Finds the rows in a data.frame that are not repeats of the row immediately above or below it.
Usage
repeatedRows2Keep(
df,
cols2use = NULL,
cols2ignore = NULL,
keep = c("first", "last")
)
Arguments
- df
A data.frame.
- cols2use
A string or numeric vector that indicates columns in
df
to use. Negative numeric values will not use those columns. Cannot use bothcols2use
andcol2ignore
.- cols2ignore
A string or numeric vector that indicates columns in
df
to ignore. Cannot use bothcols2use
andcol2ignore
.- keep
A string that indicates whether the
first
(DEFAULT) orlast
row of consecutive repeated rows should be kept.
Value
A single logical that indicates which rows of df
to keep such that no consecutive rows (for the columns used) will be repeated.
Author
Derek H. Ogle, DerekOgle51@gmail.com
Examples
test1 <- data.frame(ID=1:10,
KEEP=c("First","Last","Both","Both","Both",
"Both","First","Neither","Last","Both"),
V1=c("a","a","a","B","b","B","A","A","A","a"),
V2=c("a","a","A","B","B","b","A","A","A","a"))

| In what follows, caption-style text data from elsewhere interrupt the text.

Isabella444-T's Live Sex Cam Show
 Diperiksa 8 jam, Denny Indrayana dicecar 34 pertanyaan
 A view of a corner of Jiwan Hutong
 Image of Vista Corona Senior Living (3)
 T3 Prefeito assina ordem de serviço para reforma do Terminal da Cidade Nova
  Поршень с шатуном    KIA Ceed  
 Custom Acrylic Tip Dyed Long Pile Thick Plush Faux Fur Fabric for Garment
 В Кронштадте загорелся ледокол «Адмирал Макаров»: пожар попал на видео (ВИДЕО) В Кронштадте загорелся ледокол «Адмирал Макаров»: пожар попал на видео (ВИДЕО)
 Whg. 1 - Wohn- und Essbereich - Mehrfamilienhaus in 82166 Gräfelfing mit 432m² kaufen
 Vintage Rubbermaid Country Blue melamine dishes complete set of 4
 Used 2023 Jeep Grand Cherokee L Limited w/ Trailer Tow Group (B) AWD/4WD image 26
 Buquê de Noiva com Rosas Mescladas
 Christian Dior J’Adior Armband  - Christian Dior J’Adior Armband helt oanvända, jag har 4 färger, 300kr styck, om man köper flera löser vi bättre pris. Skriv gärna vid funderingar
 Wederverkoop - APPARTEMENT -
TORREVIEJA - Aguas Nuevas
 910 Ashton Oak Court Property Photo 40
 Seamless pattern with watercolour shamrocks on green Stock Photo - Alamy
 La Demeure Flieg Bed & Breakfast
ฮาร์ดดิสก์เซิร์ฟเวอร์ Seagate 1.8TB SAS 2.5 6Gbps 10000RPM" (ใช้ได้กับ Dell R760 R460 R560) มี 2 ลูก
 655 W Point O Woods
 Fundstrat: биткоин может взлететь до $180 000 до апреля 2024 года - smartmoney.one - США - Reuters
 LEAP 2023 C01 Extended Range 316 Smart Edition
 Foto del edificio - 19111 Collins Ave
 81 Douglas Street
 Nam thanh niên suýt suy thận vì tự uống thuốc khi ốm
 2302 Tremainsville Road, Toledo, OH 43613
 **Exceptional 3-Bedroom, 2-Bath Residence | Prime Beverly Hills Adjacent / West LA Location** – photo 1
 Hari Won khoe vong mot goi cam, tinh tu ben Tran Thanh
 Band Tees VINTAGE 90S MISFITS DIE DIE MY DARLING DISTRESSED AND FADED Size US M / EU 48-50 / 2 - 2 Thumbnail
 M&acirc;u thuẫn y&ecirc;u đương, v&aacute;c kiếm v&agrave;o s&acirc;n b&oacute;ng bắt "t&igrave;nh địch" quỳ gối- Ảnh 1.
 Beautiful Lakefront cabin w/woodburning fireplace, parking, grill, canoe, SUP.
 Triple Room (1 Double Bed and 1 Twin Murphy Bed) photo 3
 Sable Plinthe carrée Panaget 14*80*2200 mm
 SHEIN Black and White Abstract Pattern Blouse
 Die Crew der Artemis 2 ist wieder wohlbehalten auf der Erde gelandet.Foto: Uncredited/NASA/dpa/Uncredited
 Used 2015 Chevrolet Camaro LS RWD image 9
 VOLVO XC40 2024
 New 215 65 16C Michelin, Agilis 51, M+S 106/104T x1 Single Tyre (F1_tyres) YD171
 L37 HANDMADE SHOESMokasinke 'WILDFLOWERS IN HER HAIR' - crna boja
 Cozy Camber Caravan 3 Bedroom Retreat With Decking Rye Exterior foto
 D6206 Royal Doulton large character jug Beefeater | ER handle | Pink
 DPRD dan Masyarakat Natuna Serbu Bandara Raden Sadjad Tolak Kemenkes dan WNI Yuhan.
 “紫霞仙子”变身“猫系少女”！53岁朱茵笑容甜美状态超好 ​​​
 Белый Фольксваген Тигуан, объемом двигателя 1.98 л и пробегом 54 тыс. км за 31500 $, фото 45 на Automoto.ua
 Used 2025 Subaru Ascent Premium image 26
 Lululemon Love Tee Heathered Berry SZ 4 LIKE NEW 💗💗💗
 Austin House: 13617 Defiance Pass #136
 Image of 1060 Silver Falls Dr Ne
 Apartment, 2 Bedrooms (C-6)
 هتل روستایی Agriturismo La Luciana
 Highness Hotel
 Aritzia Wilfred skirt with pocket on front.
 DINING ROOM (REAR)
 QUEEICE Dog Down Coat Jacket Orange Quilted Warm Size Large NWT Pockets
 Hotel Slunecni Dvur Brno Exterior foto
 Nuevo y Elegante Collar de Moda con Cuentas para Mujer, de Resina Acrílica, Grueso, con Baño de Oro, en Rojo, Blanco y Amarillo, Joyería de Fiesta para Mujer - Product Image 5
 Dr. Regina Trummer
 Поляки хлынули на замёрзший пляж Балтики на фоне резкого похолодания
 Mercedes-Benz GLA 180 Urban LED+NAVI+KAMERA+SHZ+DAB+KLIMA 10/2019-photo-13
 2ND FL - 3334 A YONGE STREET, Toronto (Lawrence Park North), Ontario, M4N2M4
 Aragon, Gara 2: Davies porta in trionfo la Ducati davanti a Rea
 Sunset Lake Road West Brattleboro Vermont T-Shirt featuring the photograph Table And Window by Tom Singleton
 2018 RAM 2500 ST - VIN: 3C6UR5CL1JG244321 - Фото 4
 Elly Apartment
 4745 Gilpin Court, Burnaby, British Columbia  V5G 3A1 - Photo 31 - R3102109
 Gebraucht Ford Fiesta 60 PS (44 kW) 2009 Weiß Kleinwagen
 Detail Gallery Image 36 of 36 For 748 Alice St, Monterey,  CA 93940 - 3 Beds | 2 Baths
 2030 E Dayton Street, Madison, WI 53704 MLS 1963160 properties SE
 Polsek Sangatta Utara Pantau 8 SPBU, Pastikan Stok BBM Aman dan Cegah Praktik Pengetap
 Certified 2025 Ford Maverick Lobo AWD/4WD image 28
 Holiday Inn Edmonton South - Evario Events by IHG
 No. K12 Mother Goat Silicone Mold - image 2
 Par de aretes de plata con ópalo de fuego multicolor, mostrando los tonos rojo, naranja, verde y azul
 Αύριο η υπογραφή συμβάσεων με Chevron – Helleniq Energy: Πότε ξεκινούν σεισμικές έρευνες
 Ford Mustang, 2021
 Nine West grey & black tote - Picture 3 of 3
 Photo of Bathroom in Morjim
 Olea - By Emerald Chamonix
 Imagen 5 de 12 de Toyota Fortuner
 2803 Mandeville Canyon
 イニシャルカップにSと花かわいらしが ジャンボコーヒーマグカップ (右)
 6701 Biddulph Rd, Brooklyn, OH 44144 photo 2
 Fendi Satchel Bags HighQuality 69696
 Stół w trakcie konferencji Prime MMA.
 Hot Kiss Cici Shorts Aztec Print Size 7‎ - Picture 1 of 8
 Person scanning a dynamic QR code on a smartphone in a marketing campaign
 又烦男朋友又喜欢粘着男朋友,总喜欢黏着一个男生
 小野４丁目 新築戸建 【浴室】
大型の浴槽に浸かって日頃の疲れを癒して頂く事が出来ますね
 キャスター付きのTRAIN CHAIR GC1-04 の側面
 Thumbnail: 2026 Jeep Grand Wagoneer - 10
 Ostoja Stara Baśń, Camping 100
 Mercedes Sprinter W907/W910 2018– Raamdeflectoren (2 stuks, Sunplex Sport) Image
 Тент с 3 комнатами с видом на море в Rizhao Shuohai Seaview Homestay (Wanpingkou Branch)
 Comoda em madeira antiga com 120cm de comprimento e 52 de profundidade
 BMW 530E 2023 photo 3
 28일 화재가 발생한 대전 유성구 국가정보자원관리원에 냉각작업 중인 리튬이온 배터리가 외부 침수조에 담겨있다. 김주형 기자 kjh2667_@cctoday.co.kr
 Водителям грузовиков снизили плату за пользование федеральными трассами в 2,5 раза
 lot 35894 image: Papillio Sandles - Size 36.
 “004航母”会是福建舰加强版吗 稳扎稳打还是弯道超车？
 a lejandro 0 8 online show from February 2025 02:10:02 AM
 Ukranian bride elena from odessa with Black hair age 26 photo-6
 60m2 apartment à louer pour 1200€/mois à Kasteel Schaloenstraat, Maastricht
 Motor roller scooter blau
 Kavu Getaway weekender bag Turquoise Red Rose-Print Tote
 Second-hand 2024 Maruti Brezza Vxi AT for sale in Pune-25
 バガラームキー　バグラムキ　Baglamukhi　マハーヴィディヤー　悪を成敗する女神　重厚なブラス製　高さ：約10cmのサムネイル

keepFirst <- repeatedRows2Keep(test1,cols2ignore=1:2)
keepLast <- repeatedRows2Keep(test1,cols2use=3:4,keep="last")
data.frame(test1,keepFirst,keepLast)
#> ID KEEP V1 V2 keepFirst keepLast
#> 1 1 First a a TRUE FALSE
#> 2 2 Last a a FALSE TRUE
#> 3 3 Both a A TRUE TRUE
#> 4 4 Both B B TRUE TRUE
#> 5 5 Both b B TRUE TRUE
#> 6 6 Both B b TRUE TRUE
#> 7 7 First A A TRUE FALSE
#> 8 8 Neither A A FALSE FALSE
#> 9 9 Last A A FALSE TRUE
#> 10 10 Both a a TRUE TRUE
droplevels(subset(test1,keepFirst)) # should be all "First" or "Both" (7 items)
#> ID KEEP V1 V2
#> 1 1 First a a
#> 3 3 Both a A
#> 4 4 Both B B
#> 5 5 Both b B
#> 6 6 Both B b
#> 7 7 First A A
#> 10 10 Both a a
droplevels(subset(test1,keepLast)) # should be all "Last" or "Both" (7 items)
#> ID KEEP V1 V2
#> 2 2 Last a a
#> 3 3 Both a A
#> 4 4 Both B B
#> 5 5 Both b B
#> 6 6 Both B b
#> 9 9 Last A A
#> 10 10 Both a a